#### [What needs to be done]
Copy the records below, from the line containing "Caribbean Estates House" through the last line; leave out pictures.

#### [Extracted material]
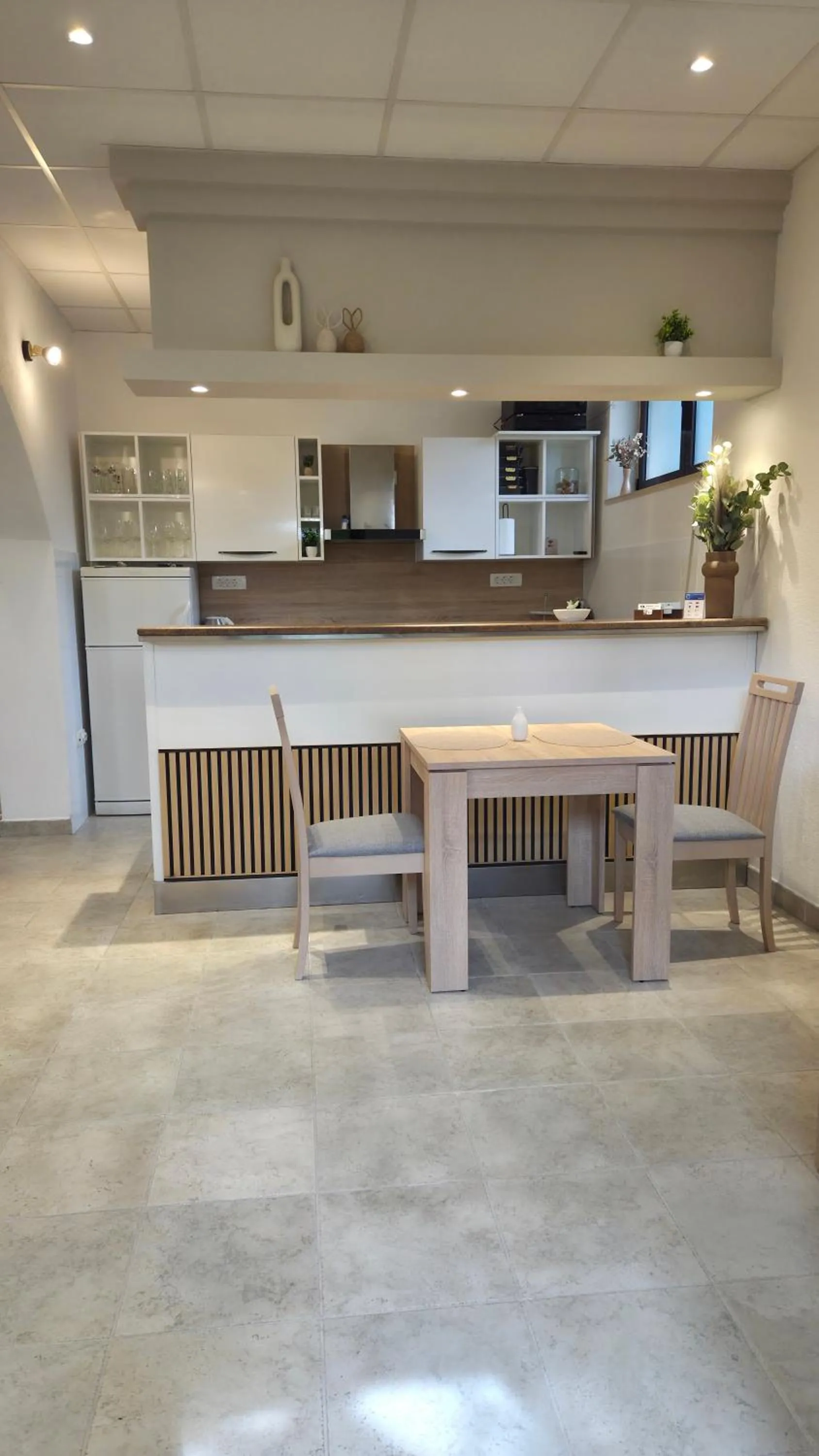 Restaurant/places to eat in Apartments G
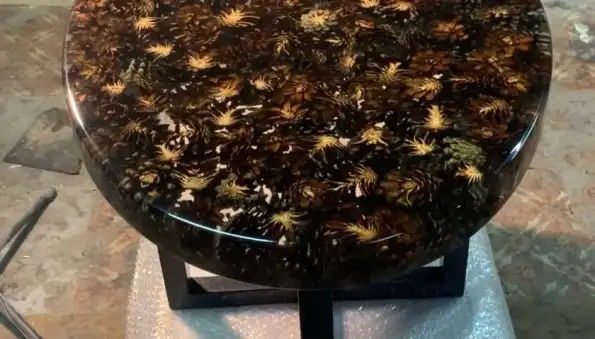 Мастер из Китая сделал столешницу из сосновых шишек (видео)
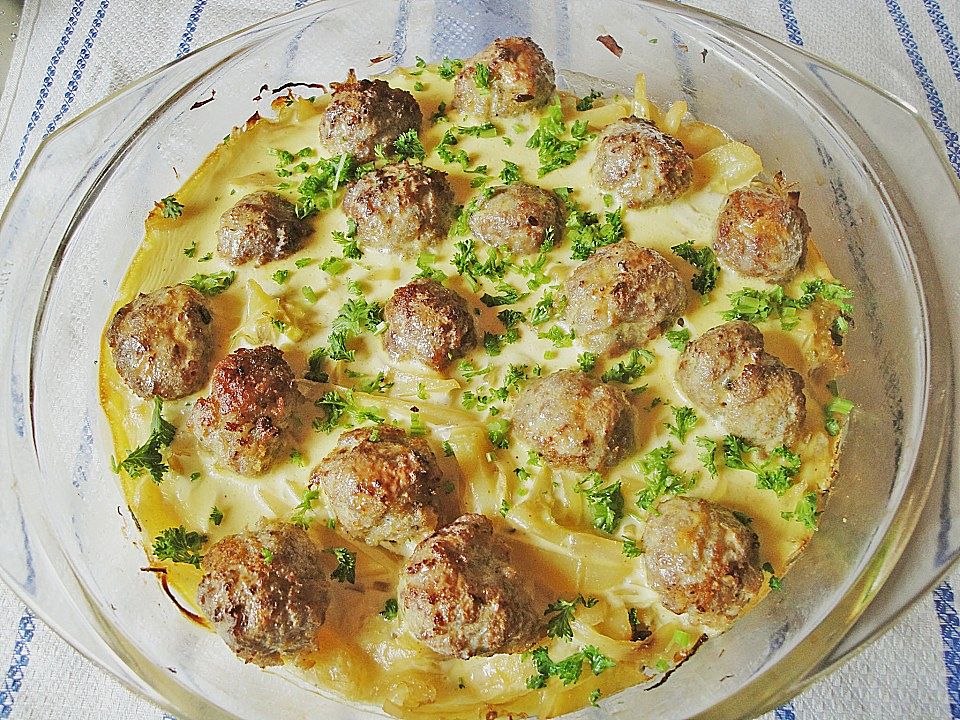 Bratwurstbällchen auf Sauerkraut von Sivi | Chefkoch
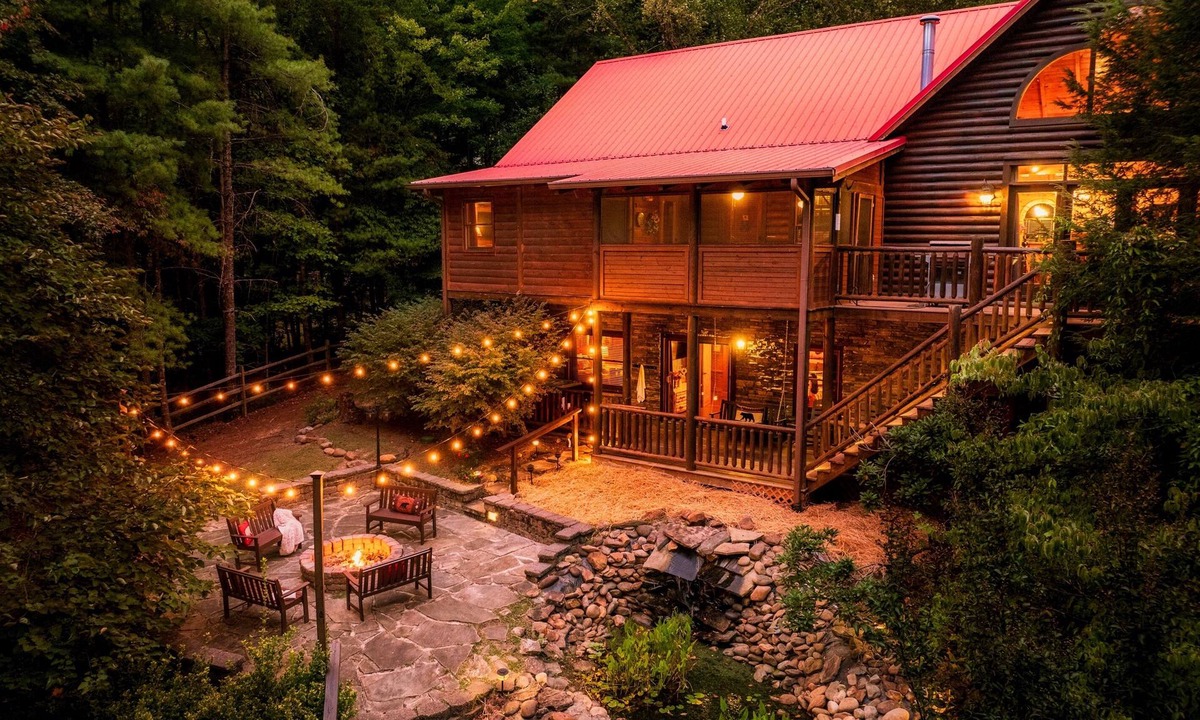 Sevierville Cabin | CADILLAC CREEK 6 BEDRMS LUX KITCHEN, 1950's GAME RM, BIG THEATER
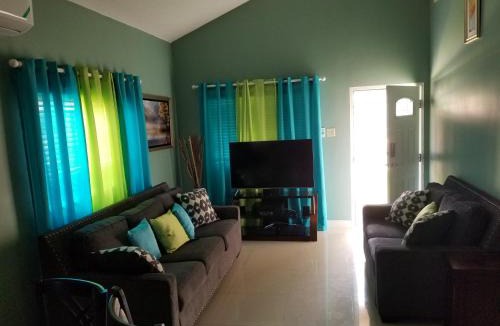 Caribbean Estates House | Caymanas estate beautiful two bedroom suites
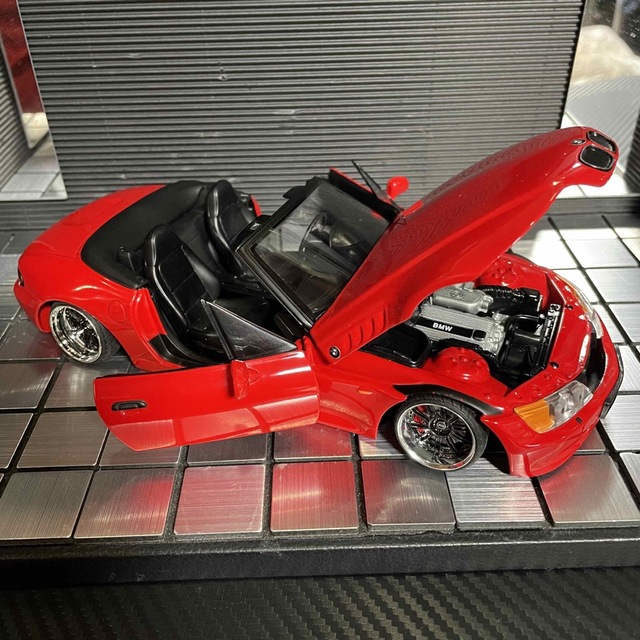 UTモデル 1/18 BMW Z3 ロードスター（カスタム仕様)の通販 by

#### [Answer space]
 Caribbean Estates House | Caymanas estate beautiful two bedroom suites
 UTモデル 1/18 BMW Z3 ロードスター（カスタム仕様)の通販 by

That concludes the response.